Living in what is now southern Ireland during the Late Carboniferous, about 318-314 million years ago, this 30-40cm long (~1′-1’4″) fully aquatic animal was the earliest known member of the diplocaulid lineage (although its skull was much less elaborately modified than its famous boomerang-headed relative Diplocaulus).

It had a broad short-snouted head with eyes set far forward, and a pair of backwards-pointing bony “horns” at the back of its skull. Its forelimbs were smaller than its hindlimbs, and unlike most other diplocaulids it had five fingers on its hands instead of four.

Its vertically flattened paddle-like tail was also around twice as long as the rest of its body, and was probably its main source of propulsion in the water.

Keraterpeton seems to have been quite numerous in the coal swamps it inhabited, representing the most common species preserved in the Irish Jarrow Assemblage site – a location where fossil specimens were uniquely “cooked” and partially replaced with coal during the fossilization process.

Tuzoia

The tuzoiids were an enigmatic group of Cambrian invertebrates known mostly just from their spiny bivalved carapaces. Although hundreds of fossils of these arthropods were discovered over the last century or so, only vague fragments of the rest of their bodies have been found even in sites usually known for preserving soft tissue impressions.

…Until late 2022, when several new specimens from the Canadian Burgess Shale deposits (~508 million years ago) were described showing tuzoiid anatomy in exceptional detail, finally giving us an idea of what they looked like and where they fit into the early arthropod evolutionary tree.
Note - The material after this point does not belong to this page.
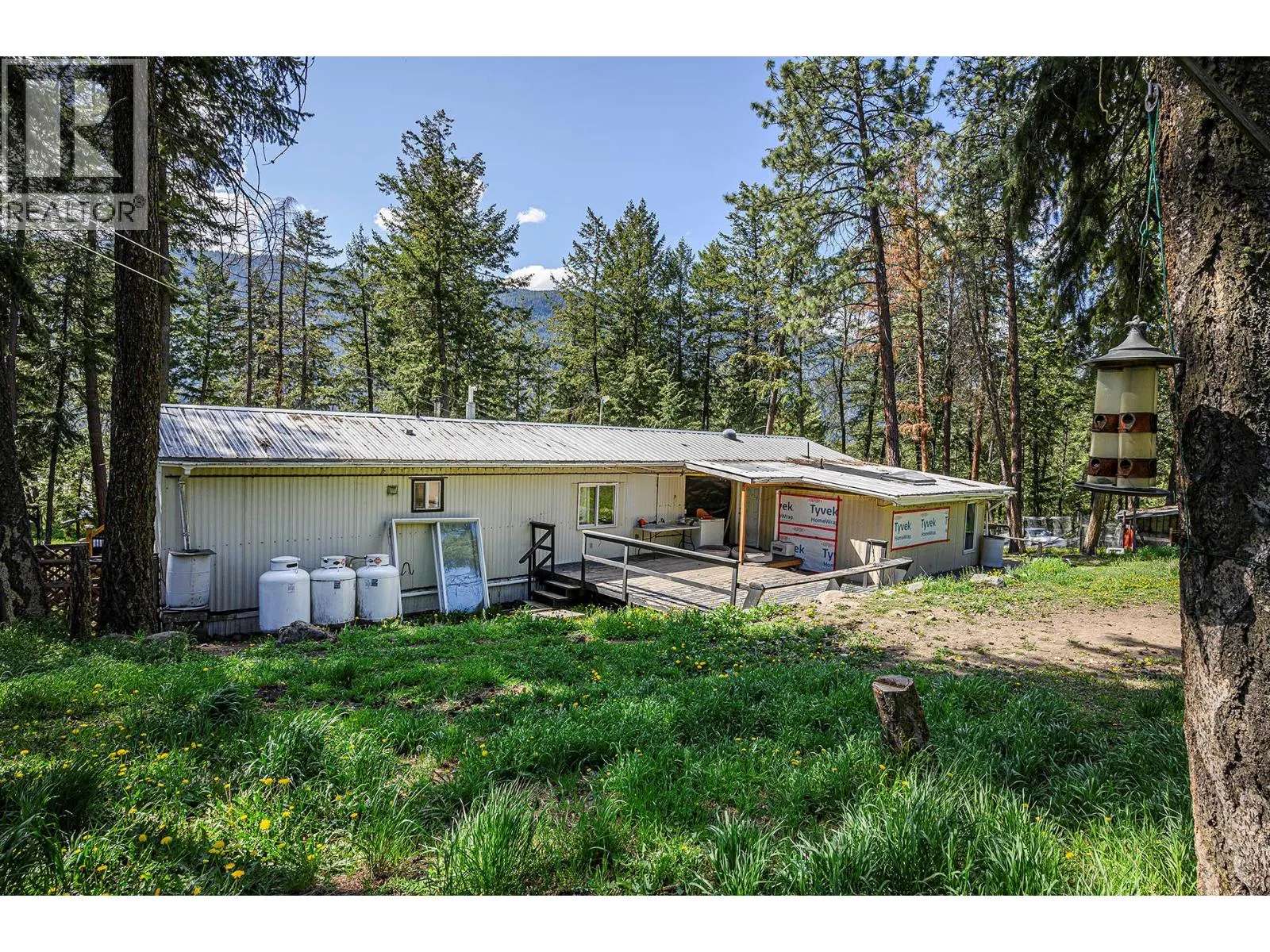 392 WALTERDALE Road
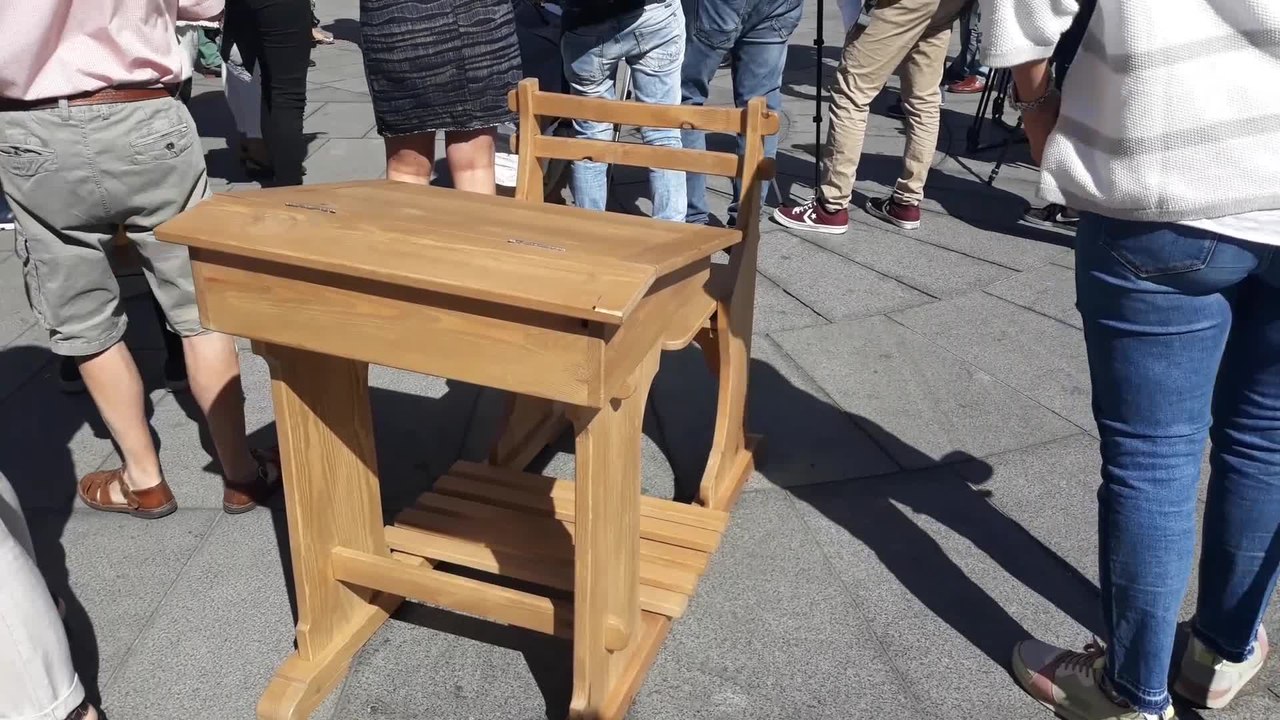 Sacan a la calle un 'pupitre gitano' para visibilizar sus "dificultades y barreras"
Tuzoiids like Tuzoia burgessensis here would have grown up to about 23cm long (~9″). They had large eyes on short stalks, a pair of simple antennae, a horizontal fluke-like tail fan, and twelve pairs of appendages along their body – with the front two pairs at the head end being significantly spinier, and most (or all) of these limbs also bearing paddle-like exopods.

The large carapace enclosed most of the body, and was ornamented with protective spines and a net-like surface pattern that probably increased the strength of the relatively thin chitinous structure.

Together all these anatomical features now indicate that tuzoiids were early mandibulates (part of the lineage including modern myriapods, crustaceans, and insects), and were probably very closely related to the hymenocarines.

Tuzoiids seem to have been active swimmers that probably cruised around just above the seafloor, with their stout legs suggesting they could also walk around if they flexed their valves open. The arrangement of their spiny front limbs wasn’t suited to grabbing at fast-swimming prey, but instead may have been used to capture slower seafloor animals or to scavenge from carcasses.

Ambulator

Diprotodontids were large herbivorous marsupials distantly related to modern wombats and koalas, with some species reaching body sizes comparable to rhinos.

Ambulator keanei here was a mid-sized example, closer to bear-sized at around 1m tall at the shoulder (~3’3″). It lived in South Australia during the Pliocene, about 3.9-3.6 million years ago, at a time when the climate was becoming drier and the local habitat was shifting towards open grasslands – and so it was was one of the first diprotodontids known to have specialized its limb anatomy for more efficient long-distance walking.

A bone in its wrist was modified into a heel-like structure, and skin impressions show large cushioning fleshy pads on the undersides of its feet. Its feet were also rotated to bear weight mainly on the outside edges, similar to the condition seen in some ground sloths, and its fingers and toes appear to have been held raised up off the ground while walking.